A century ago, no home was complete without a fully furnished library. Today, to our great fortune, the trend is returning. The only problem is that most modern homes are simply not built with rooms designated for this purpose, meaning that literature lovers are forced to utilize tiny offices or spare bedrooms instead. With a soaring stack of books and limited shelf space, organization is key. Rather than throwing Austen and Bronte together with that tutorial on household plumbing, create a real sense of ambience with the following tips on how to turn a small room into an organized home library.

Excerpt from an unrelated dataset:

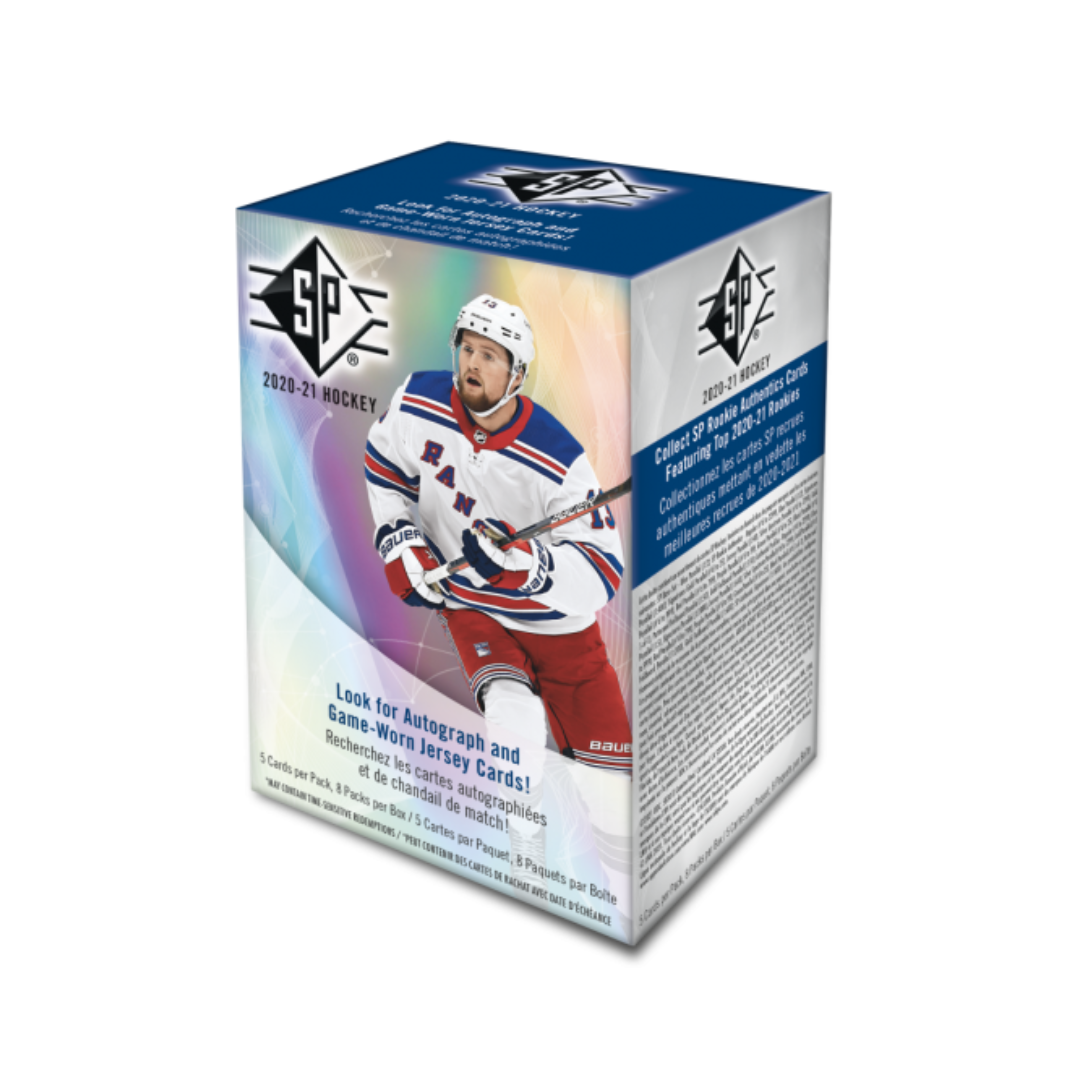 Hockey 2020-21 SP - Blaster Box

Tip #1: Separate fiction from non-fiction. A great first step toward separating your manuals and guides from more enriching literature is to simply separate the fiction from the non-fiction. Note that we’re not separating entertaining literature from how-to guides, but merely fabricated stories from tutorials, photography books, reference resources, etc.

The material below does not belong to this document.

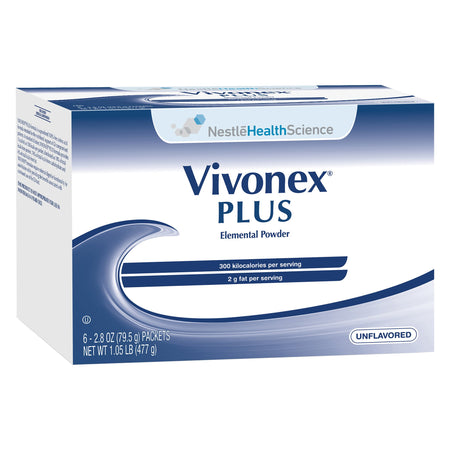 Nestle Healthcare Nutrition 746869 Vivonex Plus Elemental Powder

Tip #2: Organize your non-fiction by category. Separating fiction from non-fiction is far from the final step to an organized home library. Place non-fiction stories with other non-fiction stories, books of photography with other books of photography, guides with other guides, etc. You don’t have to micro-organize them after that, but at least place similarly themed books together.

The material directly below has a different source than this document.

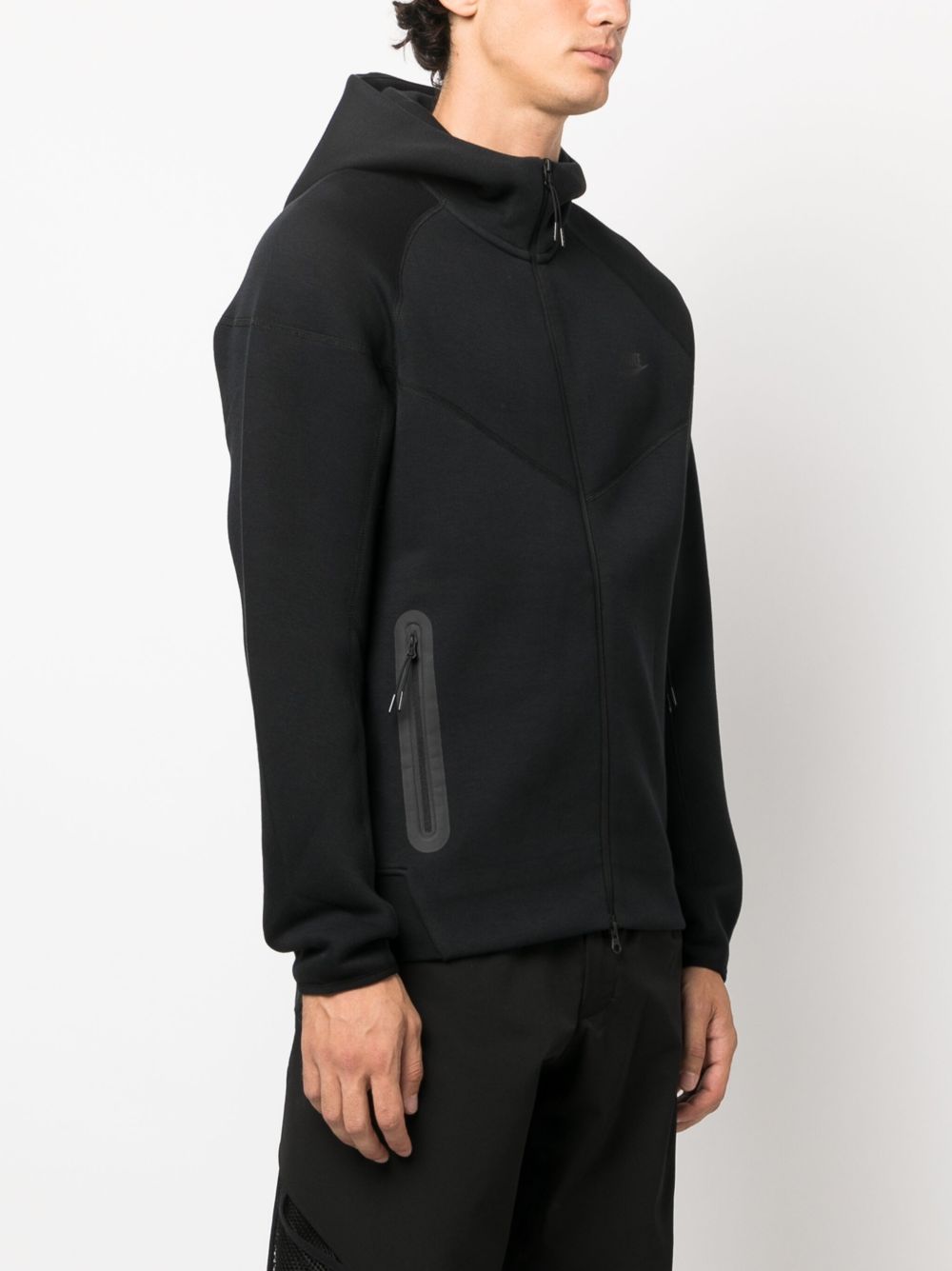 NIKE TECH FLEECE ZIP-UP HOODIE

Tip #3: Organize fiction novels by genre. Possible genres in your fiction collection might include drama, romance, mystery, fantasy and science fiction, history, inspirational, etc. You may also decide to keep classics in a genre of their own rather than defining them by modern standards.
Tip #4: Alphabetize fiction novels by author or title. Don’t worry, you don’t have to literally alphabetize your fiction titles in the strictest sense, but do place titles/authors with names that begin with “A”with each other and continue through the list likewise. Keeping a small home library strictly alphabetized may be next to impossible for anyone who leads a hectic lifestyle, but this more lax system of organization will prove dramatically helpful.
Tip #5: Store cumbersome, less used books on bottom shelves. The bottom shelves of your small library will likely be best devoted to resource materials. Encyclopedias, dictionaries, thesauruses, and text books that are not used regularly can be stored in lower areas.
Tip #6: Keep children’s books on lower to mid-level shelves. You may consider also purchasing a smaller 3-4 shelf unit especially for children’s books to store youth literature at a child’s eye level (and away from your collection).
Tip #7: Consider placing a round area rug in the center of your limited space for children’s reading time. If you have children to read to but aren’t sure of how you’ll seat them in your small library space, consider a soft, comfortable new area rug for group reading times to be used as a communal seating area. Libraries often use the same strategy to give children a warm spot to spread out during special reading hours.
Tip #8: Create a reading nook with a chair, footstool, and lamp. Creating a quiet place to curl up with a book requires no more effort that having an empty corner in your own home library. A reading chair with a footstool for relaxing paired with a bright reading lamp provide more than an adequate start.
Tip #9: Keep TV’s and other distractions out of your library, especially if children are present, but do keep a CD player on hand. Playing soothing music during your literary escapes will enhance your experience, but otherwise keep your library a sacred place. TV’s and computers will detract from the room’s appeal.
A little planning and one or two designated reading spots are all it takes to create an inviting home library out of a small room. Encourage your family to find out more about themselves and the world around them by taking in what your new, well organized library has to offer.